COLLECTED DATA:
....

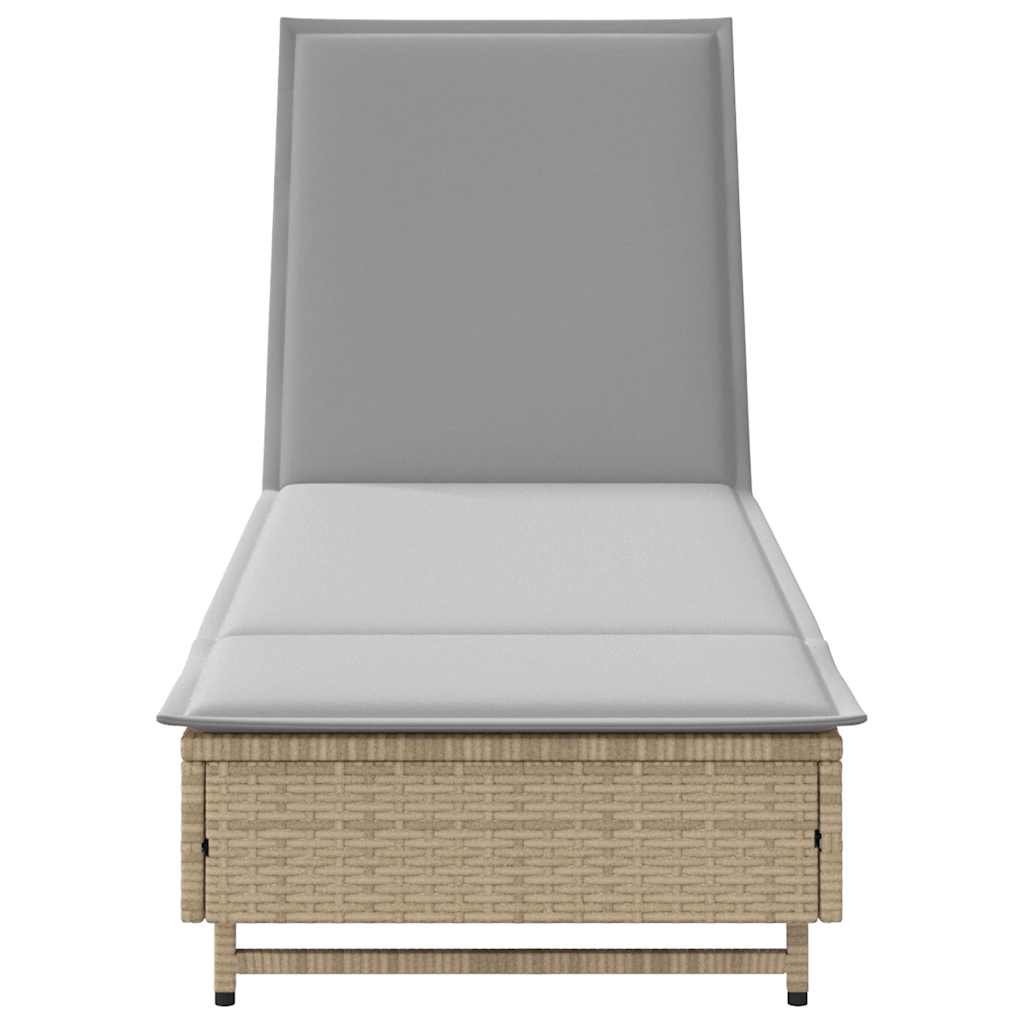 liggestol med hjul og hynde polyrattan beige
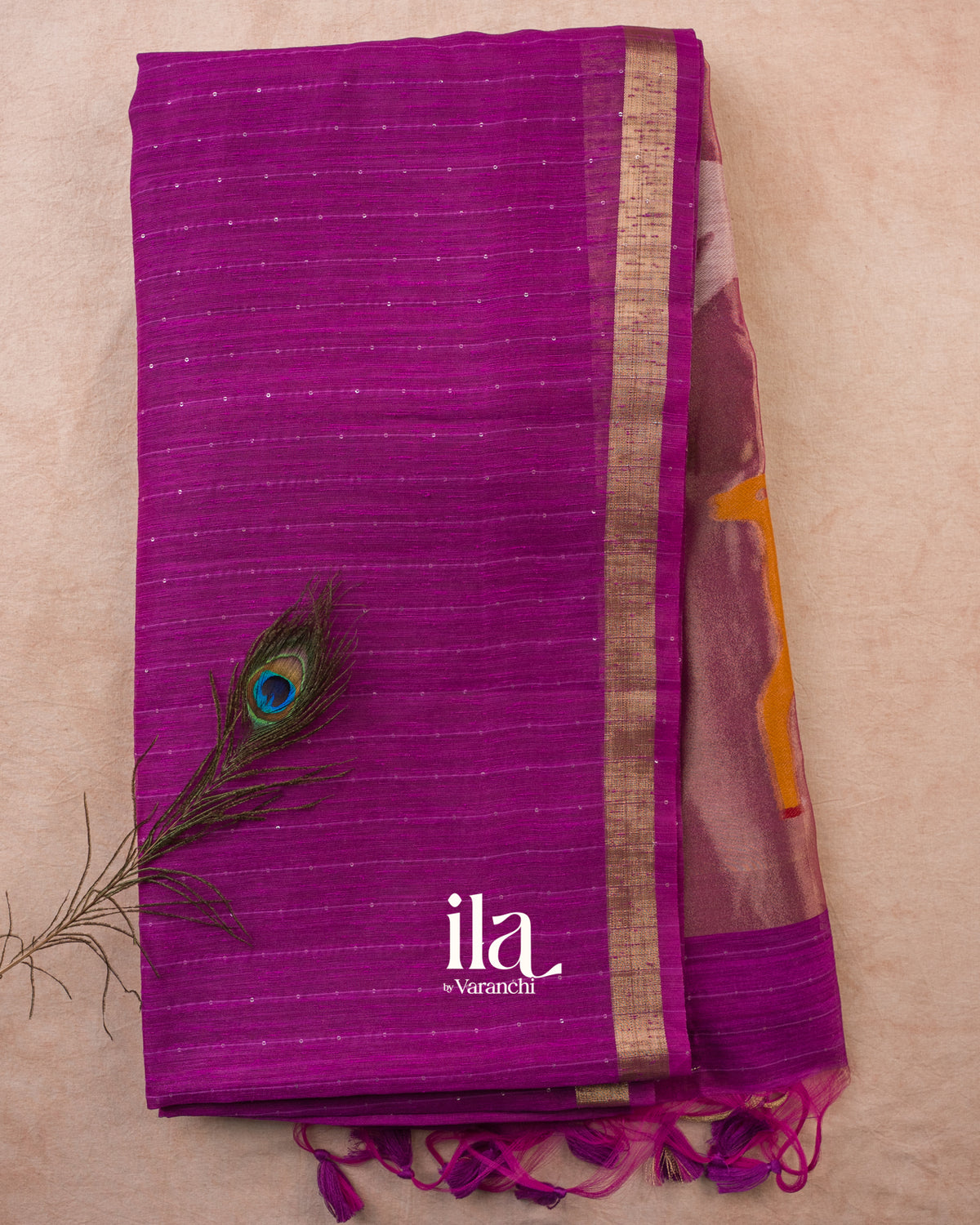 Violet Purple Jamdani Sequin with Paithani Pallu Semi Matka Saree — Full Saree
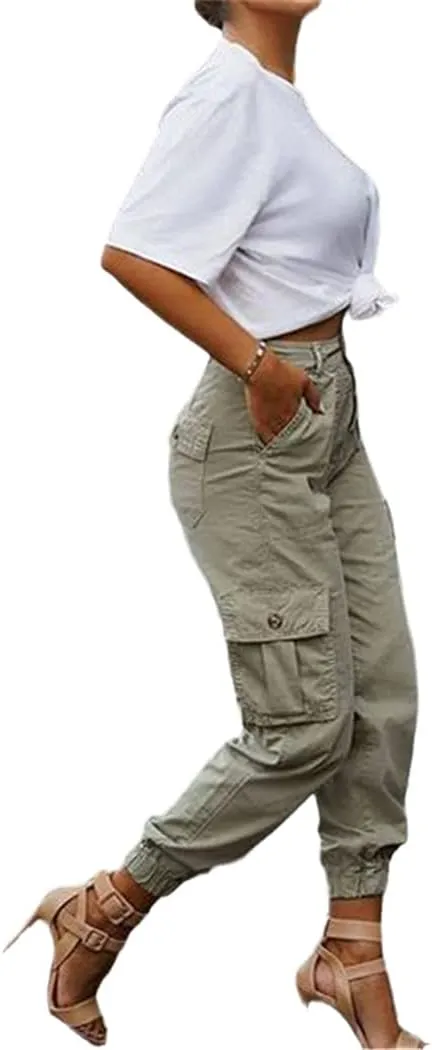 Casual Cargo Stacked Pants, Women Spring Autumn High Waist Harem Pants, Pocket Sweat Pants Jogger Trousers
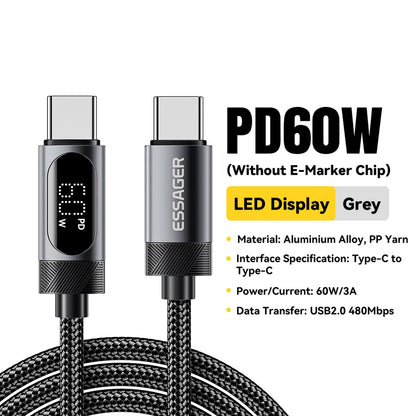 Essager USB-C to USB-C Cable with Digital Display – 100W PD Fast Charging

....

WHAT THIS TASK INVOLVES: Nothing but the lines from the one containing "Casual Cargo Stacked" through the last line of the material may appear in the answer, transcribed exactly and with no pictures.

EXERCISE RESPONSE:
 Casual Cargo Stacked Pants, Women Spring Autumn High Waist Harem Pants, Pocket Sweat Pants Jogger Trousers
 Essager USB-C to USB-C Cable with Digital Display – 100W PD Fast Charging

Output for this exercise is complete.